→ WHAT IS EXPECTED: Keep the images out and copy every entry below exactly.

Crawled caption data

+===+

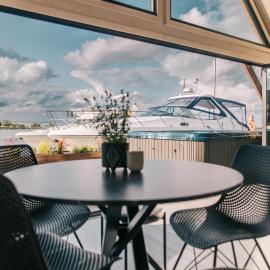Ostas Mājas, hotel em Engure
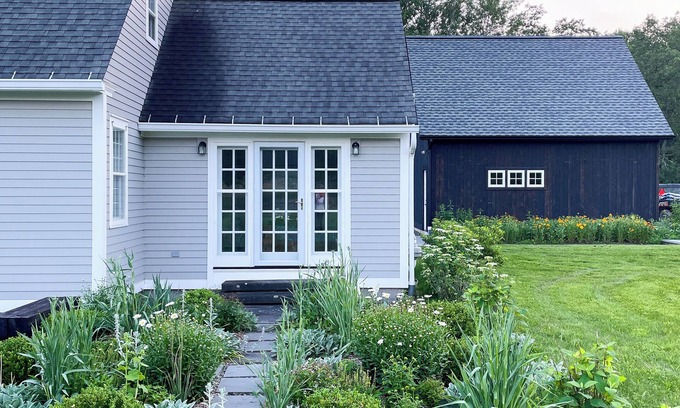Treadwell House | Delightful 3-bedroom house with Beautiful Pond & Views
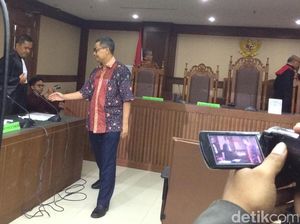Perantara Suap Putu Sudiartana Divonis 2 tahun 10 Bulan Penjara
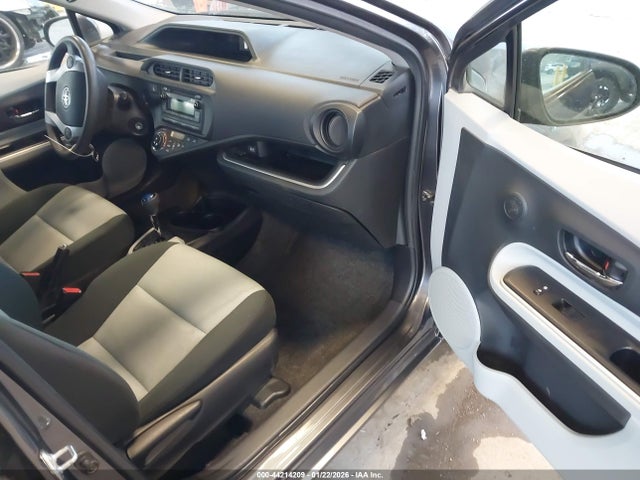 JTDKDTB31E1077516 Toyota Prius C Two
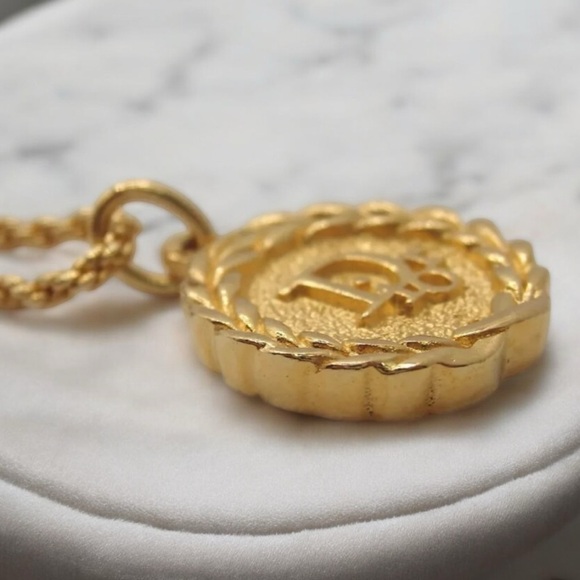 DIOR Signature Gold Necklace-16.5 in ππ₯π₯ - Picture 4 of 11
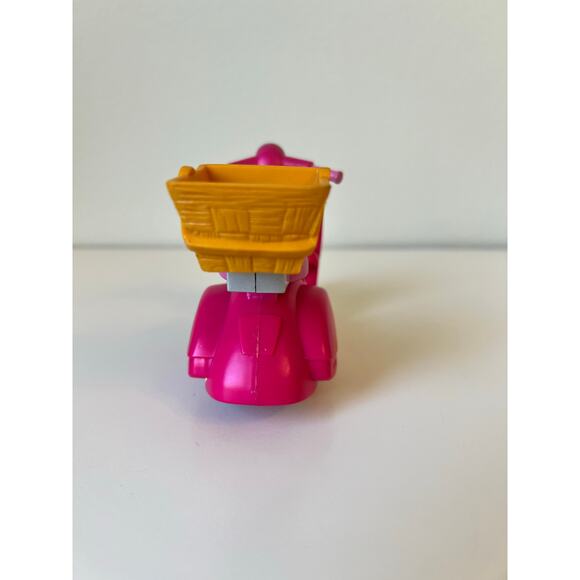 Strawberry Shortcake "Goodies-To-Go" Scooter and Blueberry Pie Accessories - Picture 4 of 10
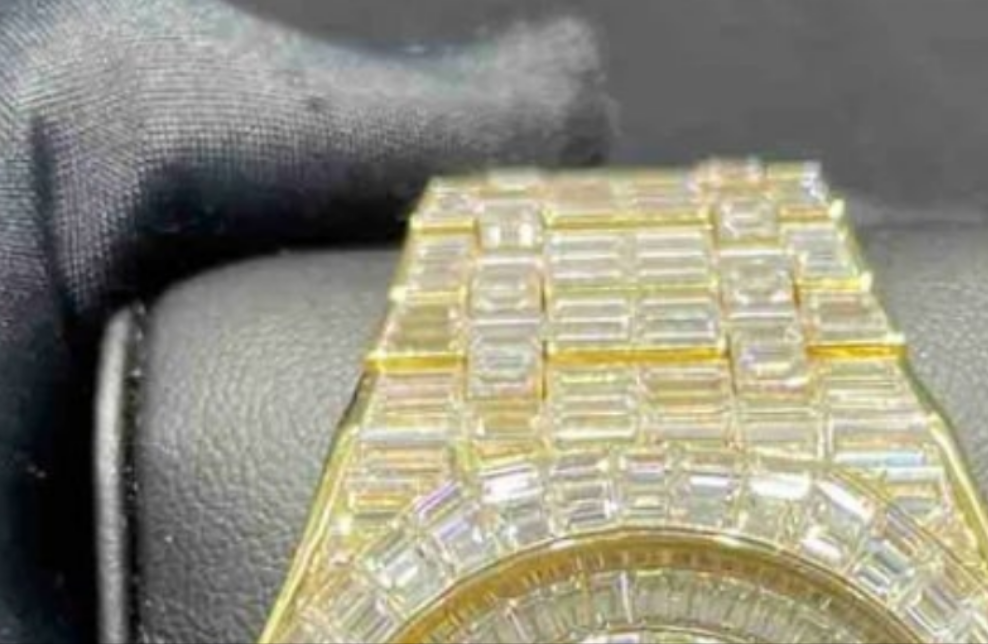 CHANDELIER ICED OUT "AP" 18K SOLID GOLD WATCH | VVS1 80 CTS T.W.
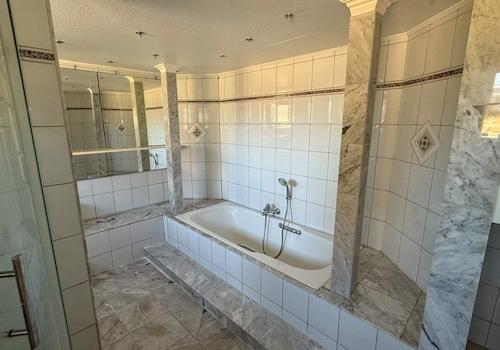 Vollbad mit Badewanne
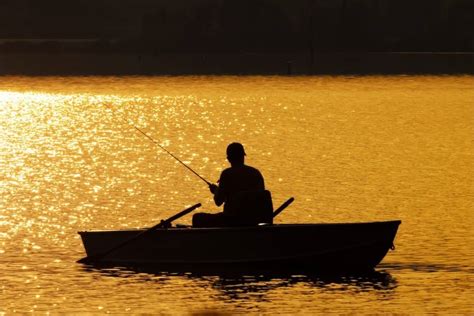 How to Fish from a Canoe (With 15 Helpful Tips) – Outdoor Troop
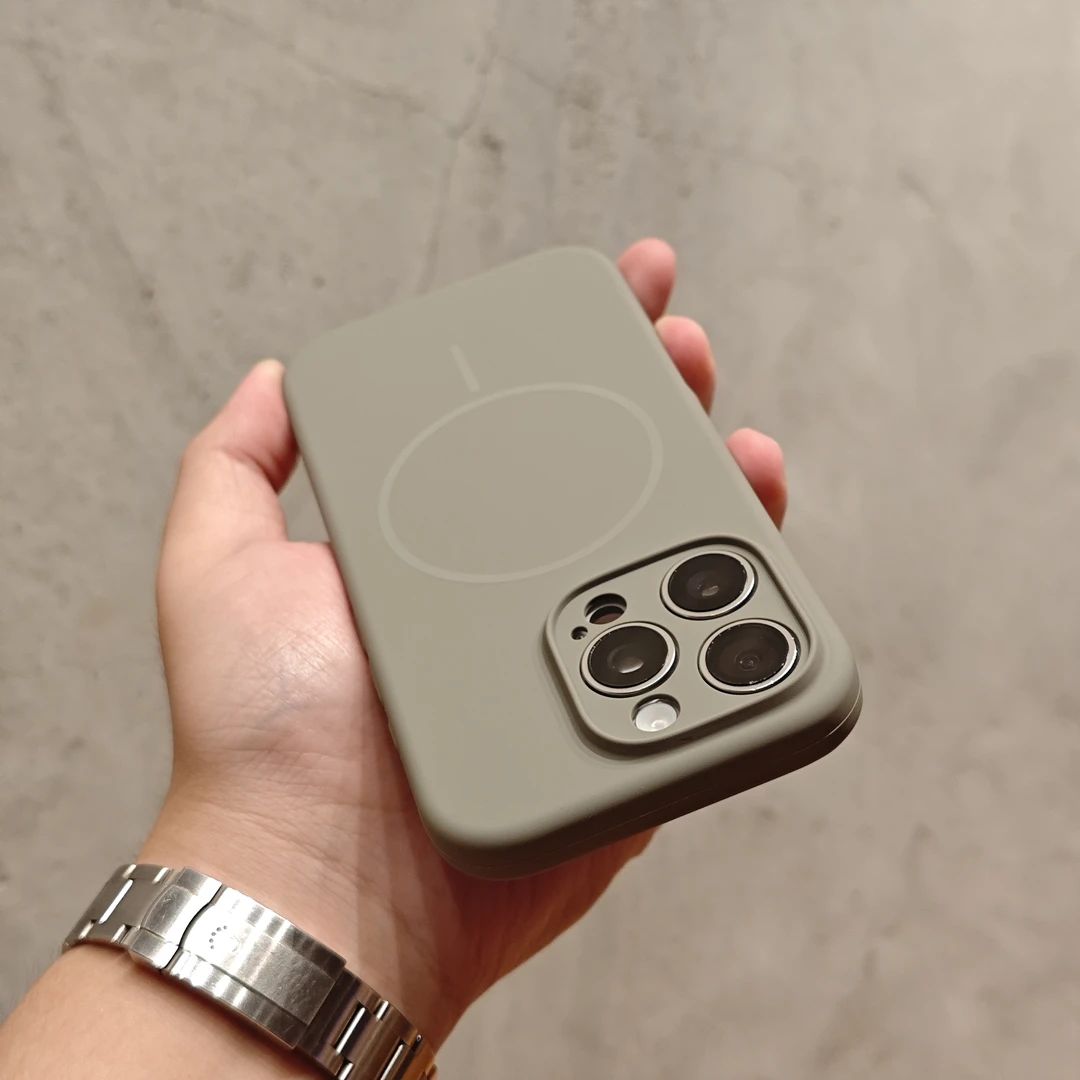 带AI键液态硅胶适用苹果17手机壳iPhone16Promax简约15磁吸14软壳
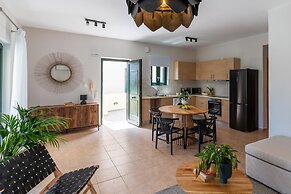 Syra Suites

+===+

→ SOLUTION TO THE PROBLEM:
Ostas Mājas, hotel em Engure
Treadwell House | Delightful 3-bedroom house with Beautiful Pond & Views
Perantara Suap Putu Sudiartana Divonis 2 tahun 10 Bulan Penjara
 JTDKDTB31E1077516 Toyota Prius C Two
 DIOR Signature Gold Necklace-16.5 in ππ₯π₯ - Picture 4 of 11
 Strawberry Shortcake "Goodies-To-Go" Scooter and Blueberry Pie Accessories - Picture 4 of 10
 CHANDELIER ICED OUT "AP" 18K SOLID GOLD WATCH | VVS1 80 CTS T.W.
 Vollbad mit Badewanne
 How to Fish from a Canoe (With 15 Helpful Tips) – Outdoor Troop
 带AI键液态硅胶适用苹果17手机壳iPhone16Promax简约15磁吸14软壳
 Syra Suites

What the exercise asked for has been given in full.